Post by _tapirrider »

I received the book "A Temple in Tennessee" this morning. Just as I had suspected, the photo that Rendel Harris used (page 4 of his book) is the same as shown in plate 108. There is no mention in the book of coming to Tennessee and examining the site. It would seem that all conjecture is based on that one photo that had appeared in the New York Times.

On page 5 he wrote "underneath these Indian Settlements there appeared the Temple to which I have referred. The Red Indian was superposed upon another race which had disappeared."

That statement is not accurate. The mound was formed from repeated collapses of a house that had been built several times. It dated after the Hopewell period, during what is known as the Mississippian period, between AD 900 and AD 1700.

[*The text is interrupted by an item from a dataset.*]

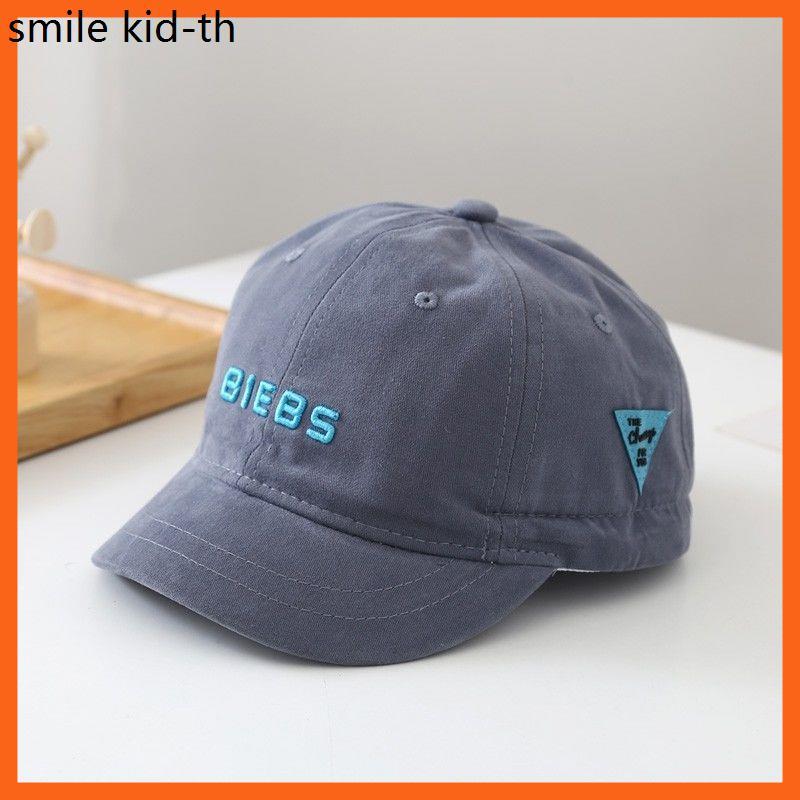 mũ cho bé trai Mũ lưỡi trai vải cotton thời，50-53CM Mũ Lưỡi Trai Thêu Chữ Cái Vành Ngắn Phong Cách Nhật Bản, Mũ Bóng Chày Che Nắng Mùa Xuân Và Mùa Thu Cho Bé Trai Và Bé Gái 4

Again on page 5, Harris wrote "We shall claim this temple as a Temple of Isis because it is situated in the territory of ta-n-Ese, and the monolith, if such it be, which the photograph apparently shows us, as a Pillar of Osiris, such as we have traces of in England and elsewhere"

It was not a pillar at all, it was a cedar post left encrusted in the dirt during the excavation. The rest of the book speculates on how Egyptians might have gotten to Tennessee. Harris did not understand how recent the Cox mound site dated to. The Egyptian civilization that he speculated about was gone before the house in Tennessee was first built.